WORK TO COMPLETE
Look through the records below for the line with "Card Library Catalog". Return that line and each one after it up to and including the line with "Espada y 3 Cadenas Motosierra Anova 325 72E", exactly.

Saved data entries

——————————

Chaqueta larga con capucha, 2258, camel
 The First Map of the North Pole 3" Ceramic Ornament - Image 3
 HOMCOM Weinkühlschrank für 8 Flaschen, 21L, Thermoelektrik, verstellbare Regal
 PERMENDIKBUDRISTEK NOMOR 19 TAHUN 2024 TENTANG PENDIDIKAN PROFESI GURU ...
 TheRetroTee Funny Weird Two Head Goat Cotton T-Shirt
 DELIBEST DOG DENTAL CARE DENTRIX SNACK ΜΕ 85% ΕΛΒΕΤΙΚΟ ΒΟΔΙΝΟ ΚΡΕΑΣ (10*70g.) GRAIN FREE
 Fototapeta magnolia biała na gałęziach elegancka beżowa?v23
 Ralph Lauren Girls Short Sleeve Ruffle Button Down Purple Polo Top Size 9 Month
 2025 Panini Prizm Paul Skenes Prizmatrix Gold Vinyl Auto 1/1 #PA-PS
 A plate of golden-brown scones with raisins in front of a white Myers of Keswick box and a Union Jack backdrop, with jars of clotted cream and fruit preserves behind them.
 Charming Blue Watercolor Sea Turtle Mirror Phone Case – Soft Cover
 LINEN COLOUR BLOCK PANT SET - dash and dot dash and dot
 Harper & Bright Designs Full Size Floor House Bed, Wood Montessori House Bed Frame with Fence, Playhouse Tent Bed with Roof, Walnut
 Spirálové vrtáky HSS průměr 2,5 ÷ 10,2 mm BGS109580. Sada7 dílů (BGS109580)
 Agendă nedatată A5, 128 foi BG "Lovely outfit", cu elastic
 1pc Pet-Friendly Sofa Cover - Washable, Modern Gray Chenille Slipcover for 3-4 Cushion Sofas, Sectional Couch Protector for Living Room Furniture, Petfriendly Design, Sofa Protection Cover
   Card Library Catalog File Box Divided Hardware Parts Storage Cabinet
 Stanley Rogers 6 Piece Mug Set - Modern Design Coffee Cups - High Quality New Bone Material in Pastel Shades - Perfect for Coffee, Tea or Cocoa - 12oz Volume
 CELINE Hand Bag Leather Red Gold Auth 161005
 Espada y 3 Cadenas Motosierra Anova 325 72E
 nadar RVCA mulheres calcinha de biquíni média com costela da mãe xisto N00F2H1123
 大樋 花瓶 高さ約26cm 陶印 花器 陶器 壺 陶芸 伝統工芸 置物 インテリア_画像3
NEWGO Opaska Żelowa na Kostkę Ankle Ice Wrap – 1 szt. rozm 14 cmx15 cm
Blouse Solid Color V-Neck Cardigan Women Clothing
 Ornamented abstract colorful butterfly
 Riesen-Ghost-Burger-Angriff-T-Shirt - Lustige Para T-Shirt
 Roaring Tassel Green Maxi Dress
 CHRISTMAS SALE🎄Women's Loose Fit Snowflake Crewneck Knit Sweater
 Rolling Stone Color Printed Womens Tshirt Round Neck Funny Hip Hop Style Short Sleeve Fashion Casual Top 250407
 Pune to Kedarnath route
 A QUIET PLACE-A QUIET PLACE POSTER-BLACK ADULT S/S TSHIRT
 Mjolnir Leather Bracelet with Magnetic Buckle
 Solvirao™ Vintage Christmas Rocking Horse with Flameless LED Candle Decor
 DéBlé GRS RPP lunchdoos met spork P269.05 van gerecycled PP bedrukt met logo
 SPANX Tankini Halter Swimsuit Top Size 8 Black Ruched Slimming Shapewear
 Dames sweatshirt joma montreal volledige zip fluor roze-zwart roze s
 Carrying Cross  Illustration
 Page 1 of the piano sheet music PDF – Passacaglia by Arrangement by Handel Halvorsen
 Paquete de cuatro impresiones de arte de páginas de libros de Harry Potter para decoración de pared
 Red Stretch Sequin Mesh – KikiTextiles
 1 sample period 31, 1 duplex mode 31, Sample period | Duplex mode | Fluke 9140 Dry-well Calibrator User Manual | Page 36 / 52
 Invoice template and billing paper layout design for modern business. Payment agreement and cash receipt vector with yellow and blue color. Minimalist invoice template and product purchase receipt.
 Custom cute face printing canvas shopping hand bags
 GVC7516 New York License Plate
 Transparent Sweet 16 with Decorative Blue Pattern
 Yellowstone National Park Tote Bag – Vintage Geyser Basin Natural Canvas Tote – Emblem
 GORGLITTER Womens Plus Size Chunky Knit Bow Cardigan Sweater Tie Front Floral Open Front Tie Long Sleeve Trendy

——————————

EXERCISE ANSWER
   Card Library Catalog File Box Divided Hardware Parts Storage Cabinet
 Stanley Rogers 6 Piece Mug Set - Modern Design Coffee Cups - High Quality New Bone Material in Pastel Shades - Perfect for Coffee, Tea or Cocoa - 12oz Volume
 CELINE Hand Bag Leather Red Gold Auth 161005
 Espada y 3 Cadenas Motosierra Anova 325 72E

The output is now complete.